This is an absurd article, I’m sorry. To accept the explanation of “brown people are just worse” as possible, but to throw out “colonialism shaped the modern world” because Australia is rich is so clearly biased that it reads like a strawman. Also, are they aware that Australia is quite hot…?

Putting that huge issue aside for more fundamental ones: certainly climate impacts culture in the aggregate to some extent, but the overall framing here is way too overconfident. There’s about a million confounding variables when assessing different societies over large time scales, the largest of which are A) technology and B) to what extent GDP is even a primary goal. Asking if heat makes societies poorer is like asking if rivers make societies richer: it depends!

> Also, are they aware that Australia is quite hot?

That's about as specific as saying the U.S. is quite hot.. you'd be interested to compare the cultures of Darwin and Melbourne or Hobart.
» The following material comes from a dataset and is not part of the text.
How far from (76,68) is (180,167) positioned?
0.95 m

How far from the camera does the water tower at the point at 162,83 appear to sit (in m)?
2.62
This being a snapshot in time, how would the claim change if we looked at the past? Do the explanations fade if you look back in history at empires in hot parts of the world, like the Egyptian, Mauryan, Persian, Akkadian, Mesopotamian, Carthaginian, Songhain, Incan, Aztec, Mayan...
The seat of civilization is in Mesopotamia, so no this hypothesis doesn’t exactly hold up. The cultural exchange and wars between the ancient eastern and western civilizations aided their evolution before colonization took place. People used to travel far east as well during these time periods, which spread cultural influence in a three-way direction.

Those societies which were further spread apart from this central region of cultural exchange, like many in Latin America, Africa, colder regions in North America and so on were less culturally developed by the time they met others or colonialists, that’s why you have funny things like the University of Oxford being older than the Incan empire.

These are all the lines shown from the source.